California grid operators said they expect to order rotating blackouts on Saturday as power reserves had fallen below critical levels during a record-breaking heat wave.

Shortly before 6 p.m. local time on Saturday, the state’s grid operator declared a stage-two grid emergency—one step away from a blackout order. Wildfires caused a generator and a solar farm to trip offline, the California Independent System Operator, which runs most of the state’s grid, said on Twitter.

Temperatures topped 100 degrees Fahrenheit (38 Celsius) across the state with Los Angeles expected to reach a high of 109. The extreme heat is expected to push electricity demand even higher than the heat wave three weeks ago, when millions of people were plunged into darkness in the first rolling outages since the 2001 energy crisis.

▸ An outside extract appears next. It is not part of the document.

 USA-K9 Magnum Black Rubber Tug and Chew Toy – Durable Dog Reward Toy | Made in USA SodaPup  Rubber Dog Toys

“This heat is even going to outdo what we saw in August,” said Jim Rouiller, lead meteorologists at the Energy Weather Group. “More than 100 high-temperature records are at stake across the West.”

The ISO issued a statewide grid alert for Sunday from 4 p.m. until 9 p.m., warning that it might not have sufficient power reserves. The grid operator expected Sunday demand to top 49 gigawatts, above the peak of 46.8 gigawatts hit on Aug. 14 when the ISO called for rotating outages. “If that forecast is realized, Sunday would be the highest-load day we’ve seen so far this summer,” said BloombergNEF analyst Brian Bartholomew.

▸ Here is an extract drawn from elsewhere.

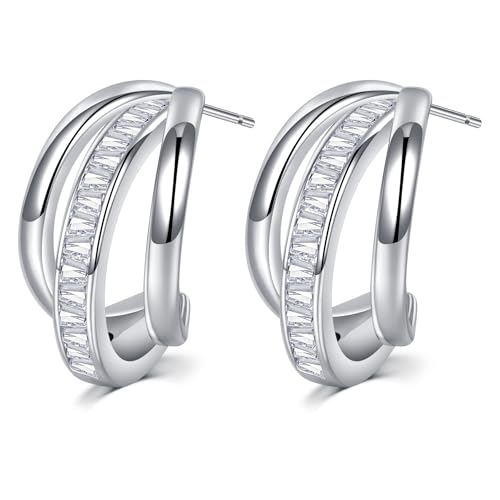 AVYEING Chunky Hängeohrringe, Cutout Teardrop Hoop Ohrringe mit CZ, 925 Sterling Silber Ohrringe für Damen, Fashion Statement Schmuck von AVYRING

Electricity prices for delivery on Saturday evening into Southern California jumped to $800 a megawatt-hour, according to data from the grid operator. That’s an indication of tightening supplies as solar production tapers off.

California Governor Gavin Newsom on Thursday signed an emergency order freeing up extra electricity supplies.

Cooling degree-days—used to estimate energy demand—over this weekend are forecast to reach record highs, according to BloombergNEF analyst Jade Patterson. If that happens, electricity consumption could breach last month’s heat wave that sent natural gas prices to $13.27 per million British thermal units.

Many heat records for the date could fall across California, Arizona and Nevada through the weekend before the worst of it begins to subside Tuesday and Wednesday, said Rich Otto, a forecaster with the US Weather Prediction Center. A front from Canada bringing cooler air will dive into the western US breaking the worst of the heat but bringing wind with it that can raise the risk of wildfires, Otto said.